(Available data begins)

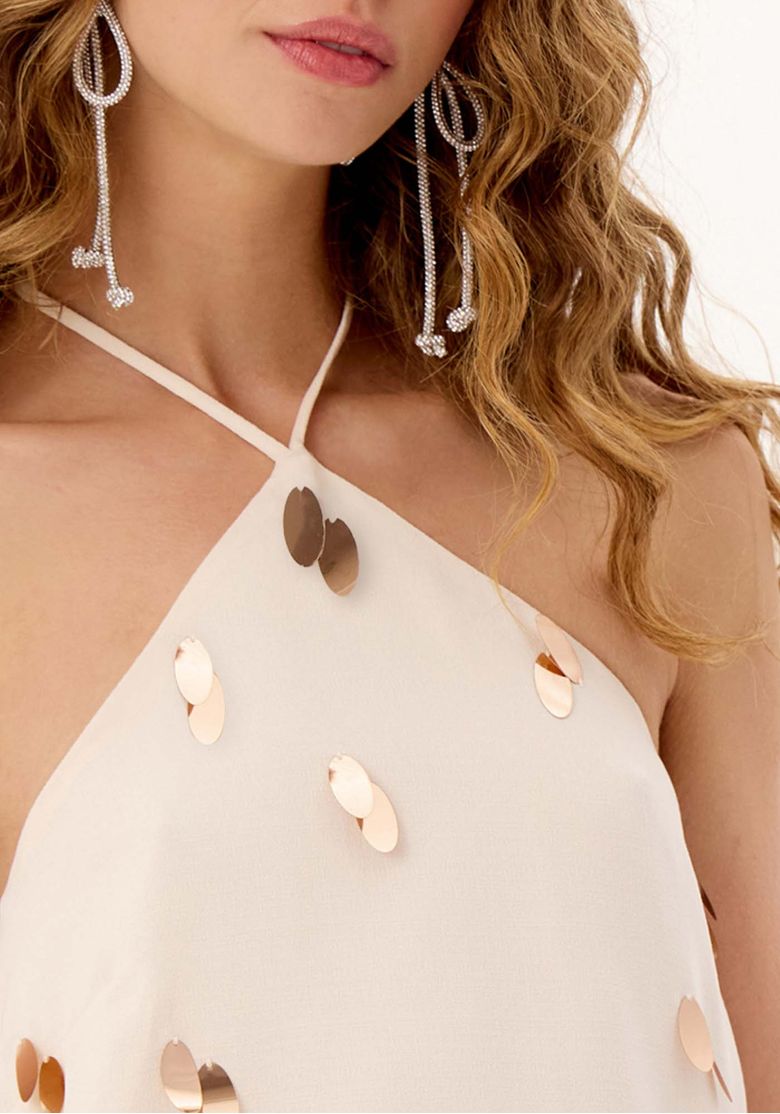 Close da blusa bege assimétrica com aplicações brilhantes e decote halter com amarração fina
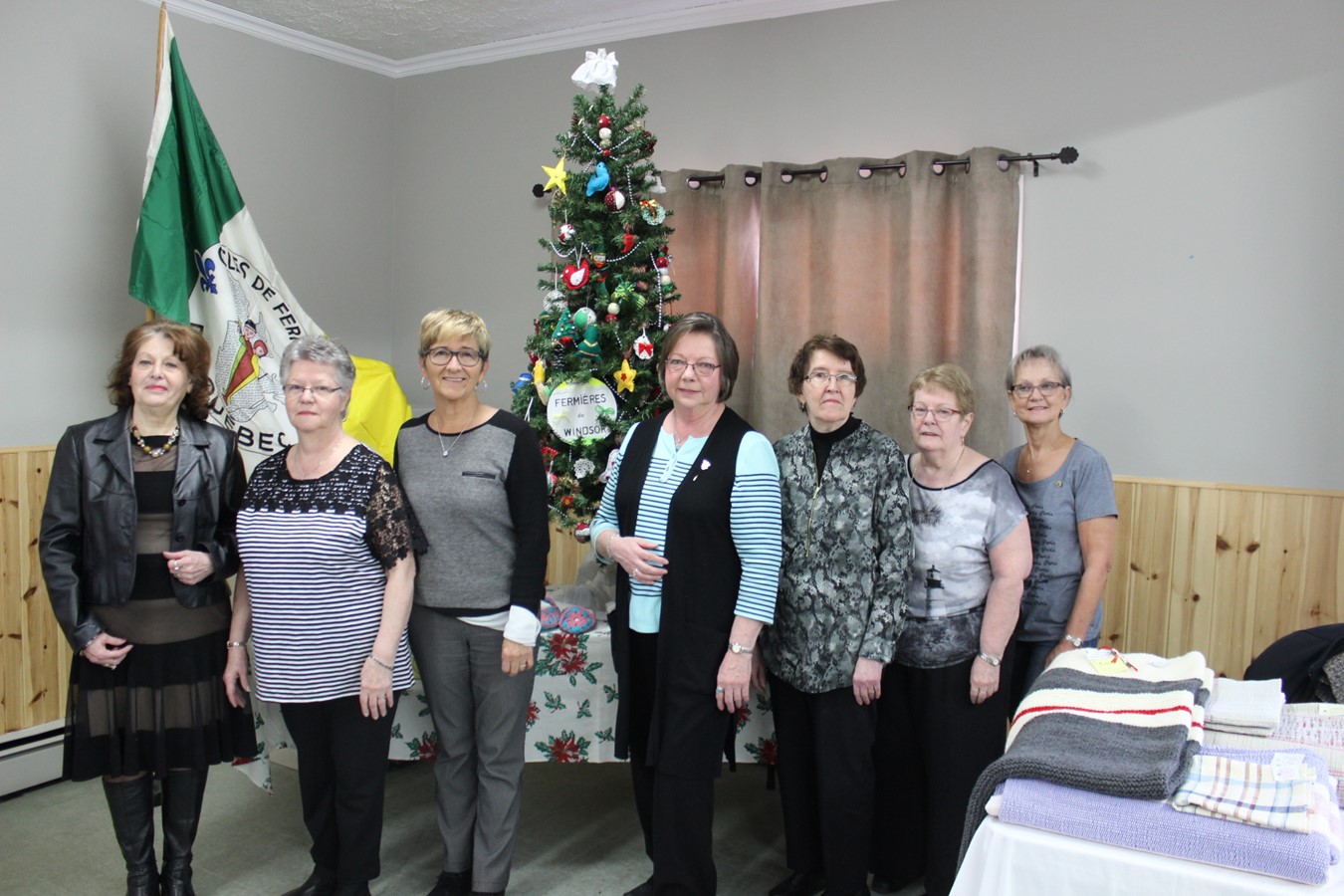 Les membres de l’exécutif accompagné de la mairesse Sylvie Bureau. Dans l’ordre habituel : Diane Ferland Dion, comité des communications et du recrutement; Jeannine Boucher, secrétariat et aide technique; Mme Bureau; Carmen Saint-Louis, présidente; Françoise Clément, comité des dossiers et de l’organisme OLO; Diane Martin, trésorière; Claire Larochelle, vice-présidente et comité des arts et textiles. À l’arrière, le sapin de Noël retenu par la Fédération 7 des Fermières.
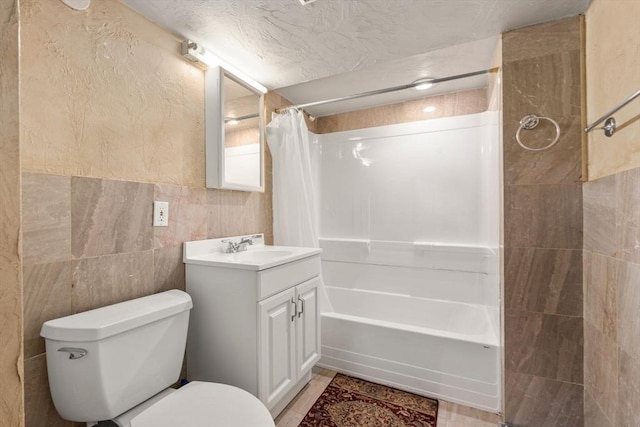 bathroom with vanity, toilet, tile walls, and shower / tub combo with curtain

(Available data ends)

**Activity:** The copy should match each line above exactly and contain no images.

**Reply to the exercise:**
 Close da blusa bege assimétrica com aplicações brilhantes e decote halter com amarração fina
 Les membres de l’exécutif accompagné de la mairesse Sylvie Bureau. Dans l’ordre habituel : Diane Ferland Dion, comité des communications et du recrutement; Jeannine Boucher, secrétariat et aide technique; Mme Bureau; Carmen Saint-Louis, présidente; Françoise Clément, comité des dossiers et de l’organisme OLO; Diane Martin, trésorière; Claire Larochelle, vice-présidente et comité des arts et textiles. À l’arrière, le sapin de Noël retenu par la Fédération 7 des Fermières.
 bathroom with vanity, toilet, tile walls, and shower / tub combo with curtain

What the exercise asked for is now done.